American writer Therese Anne Fowler, whose novel Z is on The New York Times top 20 bestsellers list, tells Review her aim was to rescue Zelda, a creature of glorious self-invention, from a fog of stubbornly enduring misconceptions about her role and identity. She was no dazed, ditzy muse, Fowler says, but a strong, acutely intelligent woman who was a revolutionary of her time.

Like other Gatsby lovers, Fowler speaks of the shock of familiarity. "We do see ourselves [and our societies] in his longing, in his striving, in his obstinate refusal to recognise the folly of his actions. The powerful desire for wish fulfilment is universal."

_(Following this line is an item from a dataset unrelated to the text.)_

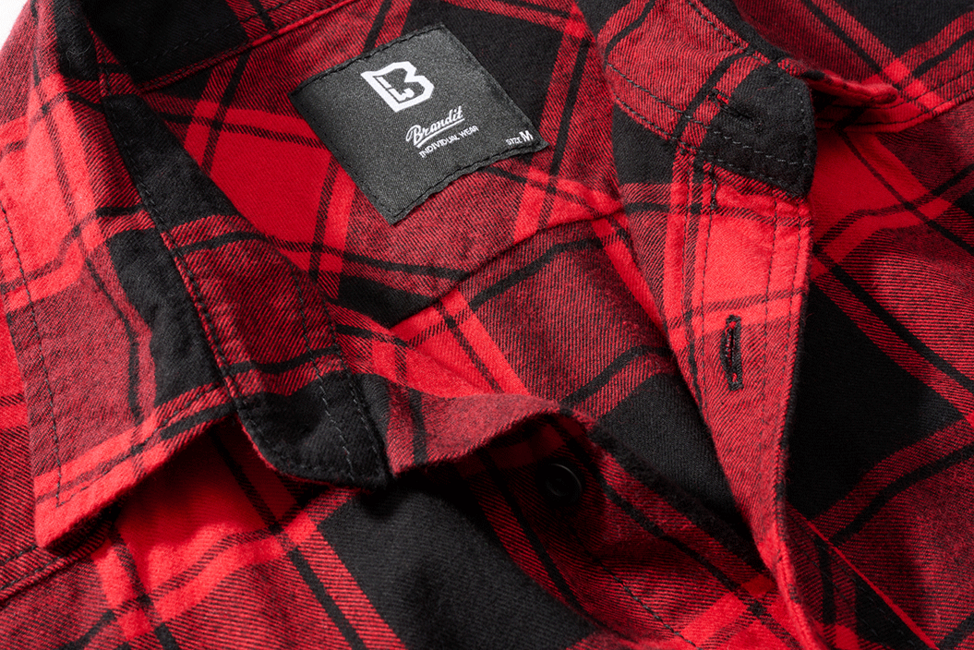 Brandit Check kurzarmhemd, rot/schwarz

America, similarly, is a nation of innately optimistic risk-takers, plagued by historical amnesia. This allows Americans to dream big dreams, Churchwell says, but it also condemns them to a cycle of repetition, and "so once again we see America diving into free fall, unmoored by any critical or intellectual insight into its own myths".

Fitzgerald knew the American dream was not real, that it was just a tantalising chimera that (like Gatsby's futile chase of "the green light") lured you ever forward to - what? "But he also understood instinctively that we could not do without that hope of the American dream. Even now, after the global financial crisis, Americans still have faith in its possibility. Everyone's worried, of course, but they just think it's lost and they'll get it back, not that it never existed in the first place."

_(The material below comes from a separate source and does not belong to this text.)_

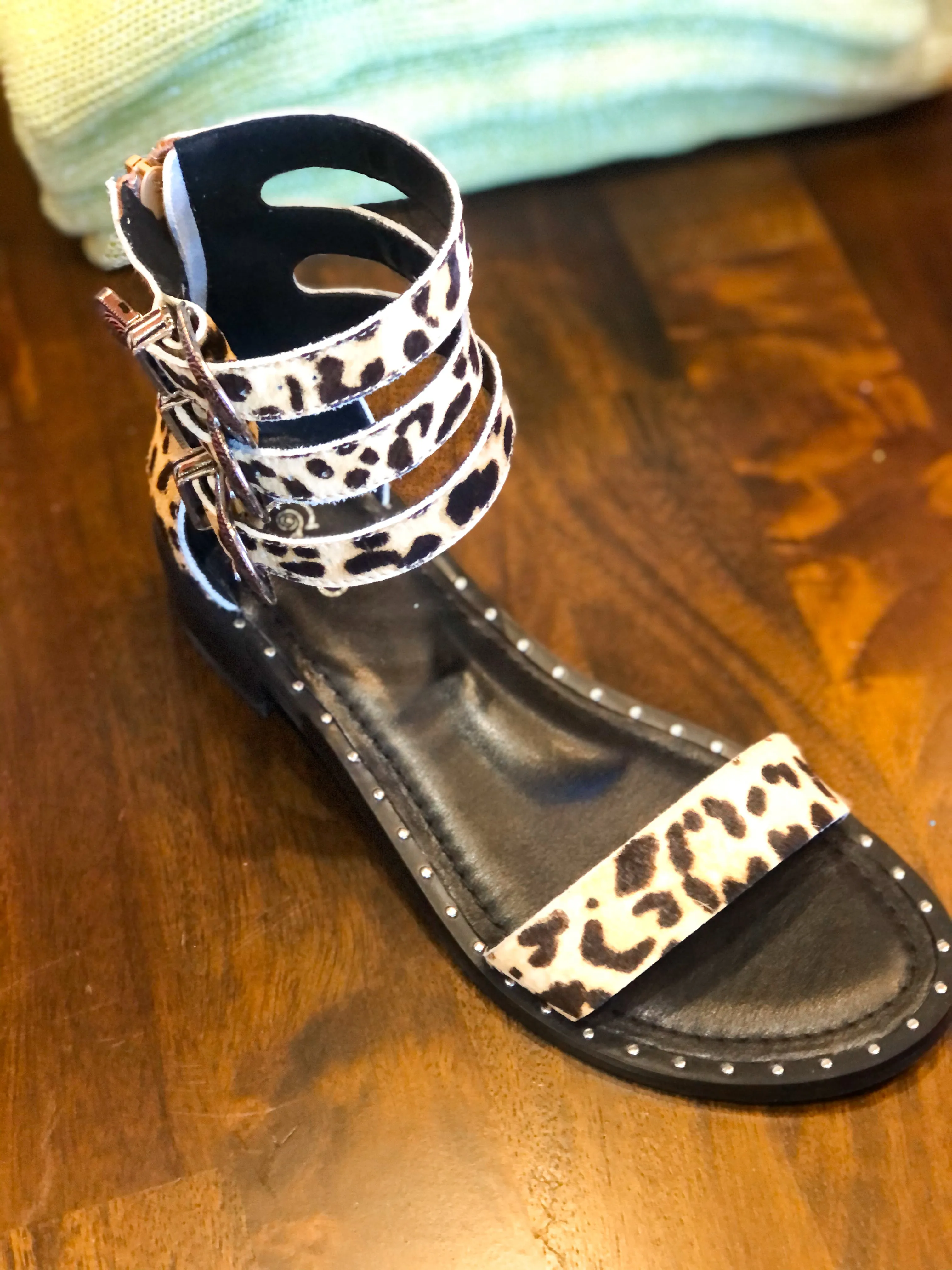 Bahah Cheetah Print Calfhair Sandal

The novel's sheer lyricism - the song of a lone nightingale, the colossal unseeing eyes of Dr Eckleburg, Gatsby's slippery, candy-coloured silk shirts, the green light on the dock - can sometimes blur our view of how sharply perceptive a chronicler of the Jazz Age Fitzgerald really was, Churchwell believes. On many levels, she argues, Gatsby is a difficult book to get, built as it on a foamy bed of illusions and suggestions; Gatsby himself is a chimera, a Cheshire cat smile.

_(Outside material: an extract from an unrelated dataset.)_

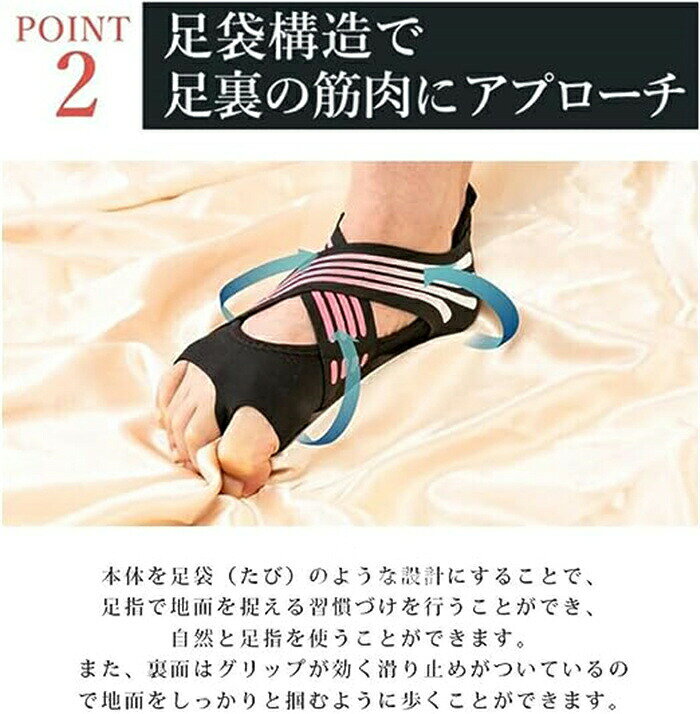 フットサポーター 足裏アーチ サポート 外反母趾 ヨガソックス 5本指 滑り止め 靴...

This opaqueness, she says bluntly, is partly why Luhrmann "will be the fourth filmmaker to take on Gatsby and fail" (certainly none of the previous adaptations set the critical world on fire). With his brilliant visual imagination, he'll assuredly deliver a crowd-pleasing film but, in the end, Churchwell says, Gatsby is a "uniquely unfilmable book, and I say that knowing that professors are always running around saying great novels shouldn't be made into movies".

Gatsby is "hostile to reality; it dwells in possibility, to paraphrase Emily Dickinson". You try filming that, she says. Luhrmann, unsurprisingly, doesn't buy this view. He's confident the creative liberties he has taken will bring Fitzgerald's tale to life (among other things his film features a hip-hop-heavy score by Jay-Z, and narrator Nick Carraway is transported to a 20s sanatorium, where he tells us his story about Jay Gatsby). And as for the title role? Everyone carries their own Gatsby in their head, he concedes, but so what?

"I sometimes liken Gatsby to an American Hamlet. He has to be attractive but he's also incredibly complex as a character and he goes from being romantic to obsessive and maybe even mentally unstable. And I think Leonardo tracks that journey with such clarity and nuance," Luhrmann says.

The Great Gatsby headlines Cannes on May 15 and opens in Australia on May 30.